The result: Names of Chinese sponsors have been chiseled out from the stadium floor in Shanghai where the game is scheduled to be held. Almost all the NBA’s local sponsors have pulled out, while banners promoting the game throughout the city have been removed. Chinese celebrities due to attend have canceled their appearances after denouncing Morey’s tweet. There won’t be any media conference for the game either.
The game -- the first of two in China -- won’t be televised in the country, but it’s supposed to be broadcast internationally, including on NBA TV in the U.S. As of Thursday afternoon in Shanghai, it was still scheduled to go ahead, potentially putting Commissioner Silver in the position of having to air a game with bare stands or angry fans. Tipoff is scheduled for 7:30 a.m. New York time.

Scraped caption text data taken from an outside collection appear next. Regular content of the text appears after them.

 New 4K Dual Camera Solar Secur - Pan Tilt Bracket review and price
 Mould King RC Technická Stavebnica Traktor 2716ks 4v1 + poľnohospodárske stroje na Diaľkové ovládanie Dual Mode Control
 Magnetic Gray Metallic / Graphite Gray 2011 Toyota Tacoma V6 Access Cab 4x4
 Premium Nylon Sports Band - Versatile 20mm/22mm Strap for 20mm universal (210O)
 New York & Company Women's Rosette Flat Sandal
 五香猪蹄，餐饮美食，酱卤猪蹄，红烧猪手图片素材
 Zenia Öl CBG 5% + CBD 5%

“While it might seem pointless to play at this point, the NBA has too much invested in the market to abandon its plans,” said Paul Swangard, who teaches sport brand strategy at the University of Oregon. “Behind the curtain of government-led boycotts is a massive citizen fan base I believe will ultimately forgive the NBA because they don’t want their sports mixed with politics.”

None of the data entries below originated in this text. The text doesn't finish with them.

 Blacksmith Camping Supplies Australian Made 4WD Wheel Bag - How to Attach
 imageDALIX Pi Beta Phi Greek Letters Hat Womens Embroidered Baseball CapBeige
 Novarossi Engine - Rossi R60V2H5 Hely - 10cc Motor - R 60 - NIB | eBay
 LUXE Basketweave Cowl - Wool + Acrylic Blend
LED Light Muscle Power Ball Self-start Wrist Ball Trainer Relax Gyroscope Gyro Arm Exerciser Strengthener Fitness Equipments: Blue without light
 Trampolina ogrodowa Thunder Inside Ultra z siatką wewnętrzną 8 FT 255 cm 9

International exhibition games like that planned for Thursday, and Saturday in the southern city of Shenzhen, are usually star-studded, feel-good affairs -- used by the league, its players and sponsors to build a bigger fan or customer base. The NBA has spent years cultivating international interest, especially in China, and is widely viewed as the most global of the major U.S. sports.
But things turned nasty late last week after Morey sent out his tweet. The Rockets, where China-born All-Star Yao Ming played his whole career, are especially beloved in the country.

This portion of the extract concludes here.